** Task inputs follows **

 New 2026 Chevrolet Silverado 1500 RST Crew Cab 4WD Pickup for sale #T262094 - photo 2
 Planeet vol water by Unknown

** End of Task inputs **
** Task inputs follows **

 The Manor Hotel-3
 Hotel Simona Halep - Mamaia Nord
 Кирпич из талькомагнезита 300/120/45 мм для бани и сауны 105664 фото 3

** End of Task inputs **
** Task inputs follows **

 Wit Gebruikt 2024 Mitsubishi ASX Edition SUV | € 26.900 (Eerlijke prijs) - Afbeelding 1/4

** End of Task inputs **

Each line above with the word "Hotel" must be returned.

 The Manor Hotel-3
 Hotel Simona Halep - Mamaia Nord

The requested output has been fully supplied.